CoreLogic’s Research Director, Tim Lawless, has released a terrific report showing seven early signs that the record-breaking Australian property price boom is beginning to slow.
First, CoreLogic’s daily dwelling values index has shown a clear slowdown in growth across all major markets other than Adelaide:
Second, auction clearance rates have retraced after reaching their highest level on record in the March quarter. This portends slower dwelling value growth, based on historical experience:

The weighted average clearance rate moved through a recent high of 83.1% at the end of March, and has since drifted lower to 78.6% over the week ending 18 April.
Third, vendors have begun listing more homes, although total listings remain low due to high absorption rates:

New home listings have lifted to the highest level since 2016. New listings are also running 17% above the five year average.
Fourth, dwelling commencements lifted by 20% in the December quarter compared to the year earlier. They were also running 5.5% above the decade average. The supply pipeline is also strong owing to the HomeBuilder stimulus program.

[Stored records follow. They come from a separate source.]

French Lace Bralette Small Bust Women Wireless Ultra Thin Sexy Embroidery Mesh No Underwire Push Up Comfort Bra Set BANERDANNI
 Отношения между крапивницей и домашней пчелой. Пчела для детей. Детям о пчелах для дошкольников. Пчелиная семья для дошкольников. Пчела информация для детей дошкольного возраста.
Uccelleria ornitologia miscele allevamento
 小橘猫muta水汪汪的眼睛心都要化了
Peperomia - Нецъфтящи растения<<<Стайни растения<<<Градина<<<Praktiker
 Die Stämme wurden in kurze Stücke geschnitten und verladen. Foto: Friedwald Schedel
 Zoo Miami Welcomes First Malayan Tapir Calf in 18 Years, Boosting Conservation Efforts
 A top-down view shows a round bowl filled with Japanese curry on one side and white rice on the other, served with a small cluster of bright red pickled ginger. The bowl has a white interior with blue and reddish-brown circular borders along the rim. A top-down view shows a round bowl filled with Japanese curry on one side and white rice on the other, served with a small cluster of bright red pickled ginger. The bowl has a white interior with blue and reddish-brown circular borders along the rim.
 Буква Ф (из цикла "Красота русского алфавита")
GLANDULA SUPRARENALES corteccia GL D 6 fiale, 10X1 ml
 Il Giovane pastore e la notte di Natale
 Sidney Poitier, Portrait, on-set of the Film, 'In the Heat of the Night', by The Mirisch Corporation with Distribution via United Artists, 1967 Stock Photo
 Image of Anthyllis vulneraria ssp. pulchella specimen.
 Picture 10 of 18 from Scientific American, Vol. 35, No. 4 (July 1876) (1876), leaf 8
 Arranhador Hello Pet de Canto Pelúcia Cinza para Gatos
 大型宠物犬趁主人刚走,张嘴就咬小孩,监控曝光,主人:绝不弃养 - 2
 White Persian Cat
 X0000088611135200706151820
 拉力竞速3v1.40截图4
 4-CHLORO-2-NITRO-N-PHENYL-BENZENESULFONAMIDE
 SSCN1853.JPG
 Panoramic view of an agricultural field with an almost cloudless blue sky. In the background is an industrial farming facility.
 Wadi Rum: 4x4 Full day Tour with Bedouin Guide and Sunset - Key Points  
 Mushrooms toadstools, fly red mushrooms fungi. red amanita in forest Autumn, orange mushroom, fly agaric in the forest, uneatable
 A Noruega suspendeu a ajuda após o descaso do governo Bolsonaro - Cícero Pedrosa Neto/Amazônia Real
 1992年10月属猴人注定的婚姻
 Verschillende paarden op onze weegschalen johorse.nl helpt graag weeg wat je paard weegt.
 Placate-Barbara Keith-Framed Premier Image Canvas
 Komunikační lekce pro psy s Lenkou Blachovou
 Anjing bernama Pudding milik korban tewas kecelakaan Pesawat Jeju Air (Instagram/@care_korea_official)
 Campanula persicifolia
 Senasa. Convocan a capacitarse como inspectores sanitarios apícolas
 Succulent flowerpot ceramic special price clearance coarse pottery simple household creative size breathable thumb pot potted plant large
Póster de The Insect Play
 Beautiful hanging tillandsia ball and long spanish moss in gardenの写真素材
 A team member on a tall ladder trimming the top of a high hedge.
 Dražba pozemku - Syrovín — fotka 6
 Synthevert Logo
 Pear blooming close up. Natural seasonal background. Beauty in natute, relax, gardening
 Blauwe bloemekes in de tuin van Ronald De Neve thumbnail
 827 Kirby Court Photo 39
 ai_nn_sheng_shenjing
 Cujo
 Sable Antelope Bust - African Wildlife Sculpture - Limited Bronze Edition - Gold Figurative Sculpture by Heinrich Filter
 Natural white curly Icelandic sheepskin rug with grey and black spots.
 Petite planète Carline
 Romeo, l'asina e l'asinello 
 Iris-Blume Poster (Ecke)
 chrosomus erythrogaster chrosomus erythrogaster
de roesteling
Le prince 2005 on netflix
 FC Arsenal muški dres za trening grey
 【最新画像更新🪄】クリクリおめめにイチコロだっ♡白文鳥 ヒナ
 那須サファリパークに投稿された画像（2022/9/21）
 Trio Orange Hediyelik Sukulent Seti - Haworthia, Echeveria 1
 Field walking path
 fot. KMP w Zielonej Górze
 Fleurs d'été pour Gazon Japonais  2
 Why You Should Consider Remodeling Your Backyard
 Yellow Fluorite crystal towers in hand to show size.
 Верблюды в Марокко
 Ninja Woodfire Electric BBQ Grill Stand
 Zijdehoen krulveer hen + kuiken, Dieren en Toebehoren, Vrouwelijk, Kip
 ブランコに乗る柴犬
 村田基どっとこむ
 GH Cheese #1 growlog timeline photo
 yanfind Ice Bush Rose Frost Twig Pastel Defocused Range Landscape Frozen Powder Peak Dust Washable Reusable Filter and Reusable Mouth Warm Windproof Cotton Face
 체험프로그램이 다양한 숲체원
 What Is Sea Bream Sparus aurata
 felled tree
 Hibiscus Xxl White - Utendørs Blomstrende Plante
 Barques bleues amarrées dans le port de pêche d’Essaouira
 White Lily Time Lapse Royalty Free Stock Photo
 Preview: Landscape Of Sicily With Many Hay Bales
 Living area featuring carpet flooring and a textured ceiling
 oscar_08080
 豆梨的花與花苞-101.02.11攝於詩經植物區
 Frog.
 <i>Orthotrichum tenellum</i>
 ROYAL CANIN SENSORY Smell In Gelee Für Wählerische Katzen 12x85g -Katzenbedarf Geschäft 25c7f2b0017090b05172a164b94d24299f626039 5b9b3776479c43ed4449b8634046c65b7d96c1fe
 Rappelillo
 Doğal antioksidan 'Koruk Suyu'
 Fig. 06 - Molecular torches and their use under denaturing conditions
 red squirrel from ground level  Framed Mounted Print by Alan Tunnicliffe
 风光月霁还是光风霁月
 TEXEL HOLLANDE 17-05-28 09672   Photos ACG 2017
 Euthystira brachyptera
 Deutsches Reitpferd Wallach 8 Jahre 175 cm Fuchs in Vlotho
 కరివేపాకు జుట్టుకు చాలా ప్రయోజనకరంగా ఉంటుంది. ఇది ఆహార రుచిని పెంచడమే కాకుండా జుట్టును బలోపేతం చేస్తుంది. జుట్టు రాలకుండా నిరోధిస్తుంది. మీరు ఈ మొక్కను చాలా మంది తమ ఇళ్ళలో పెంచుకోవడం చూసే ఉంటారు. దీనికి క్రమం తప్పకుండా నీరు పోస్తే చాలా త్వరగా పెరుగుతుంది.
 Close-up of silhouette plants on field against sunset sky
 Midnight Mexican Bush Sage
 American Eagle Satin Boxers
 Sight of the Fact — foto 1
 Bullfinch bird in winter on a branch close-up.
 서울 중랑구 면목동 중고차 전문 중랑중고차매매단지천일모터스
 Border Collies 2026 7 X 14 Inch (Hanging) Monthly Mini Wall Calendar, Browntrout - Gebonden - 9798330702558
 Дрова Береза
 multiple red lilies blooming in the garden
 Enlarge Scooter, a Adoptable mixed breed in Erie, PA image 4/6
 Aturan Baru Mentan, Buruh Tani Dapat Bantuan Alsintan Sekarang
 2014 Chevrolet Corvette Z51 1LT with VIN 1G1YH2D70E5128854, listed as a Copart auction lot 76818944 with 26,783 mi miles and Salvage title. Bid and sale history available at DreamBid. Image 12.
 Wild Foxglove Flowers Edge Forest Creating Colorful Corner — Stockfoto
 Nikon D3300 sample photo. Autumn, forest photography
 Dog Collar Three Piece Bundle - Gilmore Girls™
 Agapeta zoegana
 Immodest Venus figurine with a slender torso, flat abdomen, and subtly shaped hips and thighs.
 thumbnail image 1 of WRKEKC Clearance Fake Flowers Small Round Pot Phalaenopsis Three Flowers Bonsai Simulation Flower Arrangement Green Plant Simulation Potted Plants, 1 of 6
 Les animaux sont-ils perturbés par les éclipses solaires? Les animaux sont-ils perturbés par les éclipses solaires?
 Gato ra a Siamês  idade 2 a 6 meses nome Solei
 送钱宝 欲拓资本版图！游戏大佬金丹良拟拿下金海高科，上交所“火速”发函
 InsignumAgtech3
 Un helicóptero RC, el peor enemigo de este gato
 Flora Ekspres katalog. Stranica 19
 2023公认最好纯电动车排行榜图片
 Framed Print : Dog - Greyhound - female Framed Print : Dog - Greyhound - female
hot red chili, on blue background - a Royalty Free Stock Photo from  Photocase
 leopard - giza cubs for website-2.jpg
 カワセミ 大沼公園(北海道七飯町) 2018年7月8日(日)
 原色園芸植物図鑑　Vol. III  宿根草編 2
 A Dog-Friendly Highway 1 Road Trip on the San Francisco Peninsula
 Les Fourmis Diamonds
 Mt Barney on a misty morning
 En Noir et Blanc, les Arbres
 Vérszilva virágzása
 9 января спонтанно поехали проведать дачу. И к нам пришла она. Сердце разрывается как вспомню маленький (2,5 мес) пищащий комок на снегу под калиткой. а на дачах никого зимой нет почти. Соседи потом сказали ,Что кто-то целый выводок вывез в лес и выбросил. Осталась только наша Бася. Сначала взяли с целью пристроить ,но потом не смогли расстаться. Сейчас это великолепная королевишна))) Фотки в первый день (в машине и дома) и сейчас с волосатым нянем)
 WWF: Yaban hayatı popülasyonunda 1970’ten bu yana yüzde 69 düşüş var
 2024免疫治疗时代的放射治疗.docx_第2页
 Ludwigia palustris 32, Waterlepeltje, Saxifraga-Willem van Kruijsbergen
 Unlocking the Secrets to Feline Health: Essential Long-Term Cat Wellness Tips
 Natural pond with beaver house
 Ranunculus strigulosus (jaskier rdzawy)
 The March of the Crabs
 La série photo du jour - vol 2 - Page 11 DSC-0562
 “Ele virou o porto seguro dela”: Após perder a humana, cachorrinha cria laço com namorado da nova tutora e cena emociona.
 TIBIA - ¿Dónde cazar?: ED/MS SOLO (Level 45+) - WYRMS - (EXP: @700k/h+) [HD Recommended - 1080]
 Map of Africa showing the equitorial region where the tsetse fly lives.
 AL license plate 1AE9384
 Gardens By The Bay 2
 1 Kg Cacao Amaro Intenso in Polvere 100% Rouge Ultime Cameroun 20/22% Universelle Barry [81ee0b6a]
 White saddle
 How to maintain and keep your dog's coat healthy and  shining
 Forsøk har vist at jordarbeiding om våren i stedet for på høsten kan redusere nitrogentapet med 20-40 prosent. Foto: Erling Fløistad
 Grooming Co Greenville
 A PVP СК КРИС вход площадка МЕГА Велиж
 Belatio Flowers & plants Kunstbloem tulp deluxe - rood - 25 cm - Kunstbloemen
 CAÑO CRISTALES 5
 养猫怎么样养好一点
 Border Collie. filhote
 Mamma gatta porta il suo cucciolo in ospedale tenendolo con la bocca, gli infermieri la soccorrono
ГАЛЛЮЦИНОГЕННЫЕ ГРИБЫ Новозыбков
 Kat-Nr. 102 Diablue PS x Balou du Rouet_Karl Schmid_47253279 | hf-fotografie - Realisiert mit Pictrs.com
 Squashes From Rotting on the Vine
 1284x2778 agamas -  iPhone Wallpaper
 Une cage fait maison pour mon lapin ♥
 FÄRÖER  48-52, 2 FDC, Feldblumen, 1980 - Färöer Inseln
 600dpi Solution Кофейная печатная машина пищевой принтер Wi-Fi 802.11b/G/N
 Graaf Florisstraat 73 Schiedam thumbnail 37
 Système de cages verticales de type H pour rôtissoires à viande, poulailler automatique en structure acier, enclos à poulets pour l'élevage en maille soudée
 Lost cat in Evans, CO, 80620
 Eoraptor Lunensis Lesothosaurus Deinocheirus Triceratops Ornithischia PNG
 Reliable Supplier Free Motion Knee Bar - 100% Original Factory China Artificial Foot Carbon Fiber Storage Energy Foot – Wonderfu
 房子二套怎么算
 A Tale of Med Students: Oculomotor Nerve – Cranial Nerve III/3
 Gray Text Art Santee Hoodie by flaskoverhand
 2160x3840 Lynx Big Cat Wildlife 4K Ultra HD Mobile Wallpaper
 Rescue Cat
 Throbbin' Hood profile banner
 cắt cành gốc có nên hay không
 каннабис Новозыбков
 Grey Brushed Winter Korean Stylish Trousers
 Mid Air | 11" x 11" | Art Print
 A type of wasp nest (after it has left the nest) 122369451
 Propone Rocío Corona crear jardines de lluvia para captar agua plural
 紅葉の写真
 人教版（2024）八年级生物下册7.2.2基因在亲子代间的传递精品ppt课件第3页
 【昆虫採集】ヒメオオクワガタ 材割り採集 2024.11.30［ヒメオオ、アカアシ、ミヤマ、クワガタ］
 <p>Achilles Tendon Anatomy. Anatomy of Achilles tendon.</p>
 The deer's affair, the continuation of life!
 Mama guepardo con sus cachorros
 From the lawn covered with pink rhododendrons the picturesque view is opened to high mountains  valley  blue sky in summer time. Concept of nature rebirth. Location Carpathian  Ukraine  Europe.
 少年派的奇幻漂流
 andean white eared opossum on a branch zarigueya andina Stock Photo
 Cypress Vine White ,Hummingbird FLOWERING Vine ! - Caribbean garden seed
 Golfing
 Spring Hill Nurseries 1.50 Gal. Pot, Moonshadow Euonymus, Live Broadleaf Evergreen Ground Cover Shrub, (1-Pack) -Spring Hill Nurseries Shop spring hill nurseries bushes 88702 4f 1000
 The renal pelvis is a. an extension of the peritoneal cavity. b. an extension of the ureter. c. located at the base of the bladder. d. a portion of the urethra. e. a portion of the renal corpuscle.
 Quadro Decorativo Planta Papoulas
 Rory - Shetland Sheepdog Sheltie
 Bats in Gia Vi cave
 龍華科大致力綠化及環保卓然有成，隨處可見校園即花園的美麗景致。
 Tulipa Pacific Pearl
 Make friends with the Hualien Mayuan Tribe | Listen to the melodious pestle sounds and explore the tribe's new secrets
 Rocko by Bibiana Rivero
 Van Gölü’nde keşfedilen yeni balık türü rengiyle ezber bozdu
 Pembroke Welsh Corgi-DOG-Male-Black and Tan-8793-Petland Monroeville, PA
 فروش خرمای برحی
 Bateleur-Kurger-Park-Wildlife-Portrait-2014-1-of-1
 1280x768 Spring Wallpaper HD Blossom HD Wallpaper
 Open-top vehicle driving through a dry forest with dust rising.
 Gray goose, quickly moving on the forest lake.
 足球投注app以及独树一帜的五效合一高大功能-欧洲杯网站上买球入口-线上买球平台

Dwelling commencements have risen strongly on the back of HomeBuilder with the pipeline remaining strong.
Fifth, net overseas migration, which is the key driver of household formation, has collapsed. This raises the risk of a significant housing oversupply developing.
Sixth, fiscal stimulus is being pulled back from the economy which could result in a reduction of housing market activity. As explained by Tim Lawless:
“Arguably, housing demand has been brought forward by incentives such as the HomeBuilder grant and income support as well as state based initiatives such as stamp duty concessions. As these stimulus measures expire, along with less migration and rising affordability constraints, it’s reasonable to expect housing demand could be negatively impacted”.
Finally, because growth in housing values is substantially outpacing incomes, first home buyers are facing bigger deposit hurdles, which is creating barriers to entry.
Although Tim Lawless is seeing early signs that the pace of growth is moderating, he still expects strong dwelling value growth overall. This is due to record low mortgage rates and strong consumer sentiment, the latter of which correlates fairly strongly with dwelling sales:
Therefore, Tim Lawless is “expecting housing values to continue to rise throughout 2021 and most likely throughout 2022, just not at the unsustainable pace of growth that has been evident over recent months”.
That is a perfectly sound assessment.